Task statement
Your answer should be the lines from the start of the records through the line with "White metal bracelet", copied word for word.

Exercise data
BEGIN

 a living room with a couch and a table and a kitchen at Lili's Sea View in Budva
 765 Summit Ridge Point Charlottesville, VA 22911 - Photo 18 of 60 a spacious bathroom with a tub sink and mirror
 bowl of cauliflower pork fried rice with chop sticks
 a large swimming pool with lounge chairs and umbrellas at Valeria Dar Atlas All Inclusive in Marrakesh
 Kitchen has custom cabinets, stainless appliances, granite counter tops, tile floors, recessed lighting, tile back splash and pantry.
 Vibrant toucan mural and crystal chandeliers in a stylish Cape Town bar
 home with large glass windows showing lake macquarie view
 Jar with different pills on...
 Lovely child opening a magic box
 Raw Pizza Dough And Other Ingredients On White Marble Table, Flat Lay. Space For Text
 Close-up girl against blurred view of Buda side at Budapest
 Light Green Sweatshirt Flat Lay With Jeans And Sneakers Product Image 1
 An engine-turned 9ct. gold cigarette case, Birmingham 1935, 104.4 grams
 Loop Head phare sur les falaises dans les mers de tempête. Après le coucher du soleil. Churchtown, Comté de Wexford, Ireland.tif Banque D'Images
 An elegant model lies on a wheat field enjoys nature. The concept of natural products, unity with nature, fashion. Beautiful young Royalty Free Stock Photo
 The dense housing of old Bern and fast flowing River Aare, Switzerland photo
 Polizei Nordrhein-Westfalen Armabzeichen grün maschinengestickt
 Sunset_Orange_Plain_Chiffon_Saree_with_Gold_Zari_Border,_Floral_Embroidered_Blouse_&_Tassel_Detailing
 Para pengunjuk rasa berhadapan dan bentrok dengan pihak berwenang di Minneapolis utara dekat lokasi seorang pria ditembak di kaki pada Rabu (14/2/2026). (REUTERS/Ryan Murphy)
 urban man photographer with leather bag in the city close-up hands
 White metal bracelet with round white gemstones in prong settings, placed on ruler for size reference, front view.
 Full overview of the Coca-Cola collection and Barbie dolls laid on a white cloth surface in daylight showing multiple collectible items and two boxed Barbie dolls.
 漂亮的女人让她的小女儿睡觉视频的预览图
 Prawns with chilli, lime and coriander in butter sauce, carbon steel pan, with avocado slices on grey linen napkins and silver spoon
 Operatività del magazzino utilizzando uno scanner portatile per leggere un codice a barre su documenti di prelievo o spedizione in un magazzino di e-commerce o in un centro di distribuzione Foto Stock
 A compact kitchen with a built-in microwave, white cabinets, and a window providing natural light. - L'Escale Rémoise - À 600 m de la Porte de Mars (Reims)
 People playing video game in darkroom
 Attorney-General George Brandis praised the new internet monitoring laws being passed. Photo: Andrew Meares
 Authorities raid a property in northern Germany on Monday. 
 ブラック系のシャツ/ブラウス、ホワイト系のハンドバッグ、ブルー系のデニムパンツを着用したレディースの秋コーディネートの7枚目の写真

END

Response to this task
 a living room with a couch and a table and a kitchen at Lili's Sea View in Budva
 765 Summit Ridge Point Charlottesville, VA 22911 - Photo 18 of 60 a spacious bathroom with a tub sink and mirror
 bowl of cauliflower pork fried rice with chop sticks
 a large swimming pool with lounge chairs and umbrellas at Valeria Dar Atlas All Inclusive in Marrakesh
 Kitchen has custom cabinets, stainless appliances, granite counter tops, tile floors, recessed lighting, tile back splash and pantry.
 Vibrant toucan mural and crystal chandeliers in a stylish Cape Town bar
 home with large glass windows showing lake macquarie view
 Jar with different pills on...
 Lovely child opening a magic box
 Raw Pizza Dough And Other Ingredients On White Marble Table, Flat Lay. Space For Text
 Close-up girl against blurred view of Buda side at Budapest
 Light Green Sweatshirt Flat Lay With Jeans And Sneakers Product Image 1
 An engine-turned 9ct. gold cigarette case, Birmingham 1935, 104.4 grams
 Loop Head phare sur les falaises dans les mers de tempête. Après le coucher du soleil. Churchtown, Comté de Wexford, Ireland.tif Banque D'Images
 An elegant model lies on a wheat field enjoys nature. The concept of natural products, unity with nature, fashion. Beautiful young Royalty Free Stock Photo
 The dense housing of old Bern and fast flowing River Aare, Switzerland photo
 Polizei Nordrhein-Westfalen Armabzeichen grün maschinengestickt
 Sunset_Orange_Plain_Chiffon_Saree_with_Gold_Zari_Border,_Floral_Embroidered_Blouse_&_Tassel_Detailing
 Para pengunjuk rasa berhadapan dan bentrok dengan pihak berwenang di Minneapolis utara dekat lokasi seorang pria ditembak di kaki pada Rabu (14/2/2026). (REUTERS/Ryan Murphy)
 urban man photographer with leather bag in the city close-up hands
 White metal bracelet with round white gemstones in prong settings, placed on ruler for size reference, front view.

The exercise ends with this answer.